[WORK TO COMPLETE]
Quote the entries that follow exactly, leaving none out.

/---

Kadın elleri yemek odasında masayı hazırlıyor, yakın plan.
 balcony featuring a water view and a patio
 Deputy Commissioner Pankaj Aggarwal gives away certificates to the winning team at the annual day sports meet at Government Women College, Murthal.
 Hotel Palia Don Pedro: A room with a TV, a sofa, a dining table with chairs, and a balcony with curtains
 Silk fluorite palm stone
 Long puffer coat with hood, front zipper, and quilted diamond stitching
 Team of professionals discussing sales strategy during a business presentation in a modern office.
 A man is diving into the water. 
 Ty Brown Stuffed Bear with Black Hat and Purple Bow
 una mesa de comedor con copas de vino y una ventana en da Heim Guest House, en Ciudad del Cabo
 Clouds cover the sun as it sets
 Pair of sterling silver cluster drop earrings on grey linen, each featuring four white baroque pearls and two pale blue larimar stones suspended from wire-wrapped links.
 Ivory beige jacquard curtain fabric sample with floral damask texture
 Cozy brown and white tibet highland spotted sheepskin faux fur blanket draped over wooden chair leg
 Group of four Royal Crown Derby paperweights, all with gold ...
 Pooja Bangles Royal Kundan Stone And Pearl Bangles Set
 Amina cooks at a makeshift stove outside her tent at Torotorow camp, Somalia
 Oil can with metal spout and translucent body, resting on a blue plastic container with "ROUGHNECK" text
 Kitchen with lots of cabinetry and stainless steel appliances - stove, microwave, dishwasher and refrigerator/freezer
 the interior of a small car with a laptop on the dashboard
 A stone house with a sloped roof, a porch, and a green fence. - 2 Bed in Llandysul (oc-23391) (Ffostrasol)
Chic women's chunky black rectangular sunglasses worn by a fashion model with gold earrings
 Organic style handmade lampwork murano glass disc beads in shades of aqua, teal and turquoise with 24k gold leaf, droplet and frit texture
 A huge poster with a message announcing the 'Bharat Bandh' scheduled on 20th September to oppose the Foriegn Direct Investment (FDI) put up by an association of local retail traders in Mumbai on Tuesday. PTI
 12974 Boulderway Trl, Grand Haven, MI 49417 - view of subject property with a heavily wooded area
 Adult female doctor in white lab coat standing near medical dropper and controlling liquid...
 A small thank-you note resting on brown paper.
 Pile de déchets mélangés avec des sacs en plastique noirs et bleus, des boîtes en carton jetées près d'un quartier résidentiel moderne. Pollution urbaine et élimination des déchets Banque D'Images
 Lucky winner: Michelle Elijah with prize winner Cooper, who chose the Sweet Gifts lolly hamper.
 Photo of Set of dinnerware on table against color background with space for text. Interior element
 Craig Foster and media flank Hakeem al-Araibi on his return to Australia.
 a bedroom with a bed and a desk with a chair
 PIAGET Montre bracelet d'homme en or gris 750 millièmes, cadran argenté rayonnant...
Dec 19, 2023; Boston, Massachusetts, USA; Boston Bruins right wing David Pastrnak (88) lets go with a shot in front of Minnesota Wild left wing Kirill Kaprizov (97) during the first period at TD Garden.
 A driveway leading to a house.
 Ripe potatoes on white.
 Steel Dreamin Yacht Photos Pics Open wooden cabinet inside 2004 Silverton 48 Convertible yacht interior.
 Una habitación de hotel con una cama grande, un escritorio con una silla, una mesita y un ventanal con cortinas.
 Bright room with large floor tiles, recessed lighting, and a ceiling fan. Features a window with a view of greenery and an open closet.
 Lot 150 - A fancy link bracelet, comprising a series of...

\---

[TASK OUTPUT]
Kadın elleri yemek odasında masayı hazırlıyor, yakın plan.
 balcony featuring a water view and a patio
 Deputy Commissioner Pankaj Aggarwal gives away certificates to the winning team at the annual day sports meet at Government Women College, Murthal.
 Hotel Palia Don Pedro: A room with a TV, a sofa, a dining table with chairs, and a balcony with curtains
 Silk fluorite palm stone
 Long puffer coat with hood, front zipper, and quilted diamond stitching
 Team of professionals discussing sales strategy during a business presentation in a modern office.
 A man is diving into the water. 
 Ty Brown Stuffed Bear with Black Hat and Purple Bow
 una mesa de comedor con copas de vino y una ventana en da Heim Guest House, en Ciudad del Cabo
 Clouds cover the sun as it sets
 Pair of sterling silver cluster drop earrings on grey linen, each featuring four white baroque pearls and two pale blue larimar stones suspended from wire-wrapped links.
 Ivory beige jacquard curtain fabric sample with floral damask texture
 Cozy brown and white tibet highland spotted sheepskin faux fur blanket draped over wooden chair leg
 Group of four Royal Crown Derby paperweights, all with gold ...
 Pooja Bangles Royal Kundan Stone And Pearl Bangles Set
 Amina cooks at a makeshift stove outside her tent at Torotorow camp, Somalia
 Oil can with metal spout and translucent body, resting on a blue plastic container with "ROUGHNECK" text
 Kitchen with lots of cabinetry and stainless steel appliances - stove, microwave, dishwasher and refrigerator/freezer
 the interior of a small car with a laptop on the dashboard
 A stone house with a sloped roof, a porch, and a green fence. - 2 Bed in Llandysul (oc-23391) (Ffostrasol)
Chic women's chunky black rectangular sunglasses worn by a fashion model with gold earrings
 Organic style handmade lampwork murano glass disc beads in shades of aqua, teal and turquoise with 24k gold leaf, droplet and frit texture
 A huge poster with a message announcing the 'Bharat Bandh' scheduled on 20th September to oppose the Foriegn Direct Investment (FDI) put up by an association of local retail traders in Mumbai on Tuesday. PTI
 12974 Boulderway Trl, Grand Haven, MI 49417 - view of subject property with a heavily wooded area
 Adult female doctor in white lab coat standing near medical dropper and controlling liquid...
 A small thank-you note resting on brown paper.
 Pile de déchets mélangés avec des sacs en plastique noirs et bleus, des boîtes en carton jetées près d'un quartier résidentiel moderne. Pollution urbaine et élimination des déchets Banque D'Images
 Lucky winner: Michelle Elijah with prize winner Cooper, who chose the Sweet Gifts lolly hamper.
 Photo of Set of dinnerware on table against color background with space for text. Interior element
 Craig Foster and media flank Hakeem al-Araibi on his return to Australia.
 a bedroom with a bed and a desk with a chair
 PIAGET Montre bracelet d'homme en or gris 750 millièmes, cadran argenté rayonnant...
Dec 19, 2023; Boston, Massachusetts, USA; Boston Bruins right wing David Pastrnak (88) lets go with a shot in front of Minnesota Wild left wing Kirill Kaprizov (97) during the first period at TD Garden.
 A driveway leading to a house.
 Ripe potatoes on white.
 Steel Dreamin Yacht Photos Pics Open wooden cabinet inside 2004 Silverton 48 Convertible yacht interior.
 Una habitación de hotel con una cama grande, un escritorio con una silla, una mesita y un ventanal con cortinas.
 Bright room with large floor tiles, recessed lighting, and a ceiling fan. Features a window with a view of greenery and an open closet.
 Lot 150 - A fancy link bracelet, comprising a series of...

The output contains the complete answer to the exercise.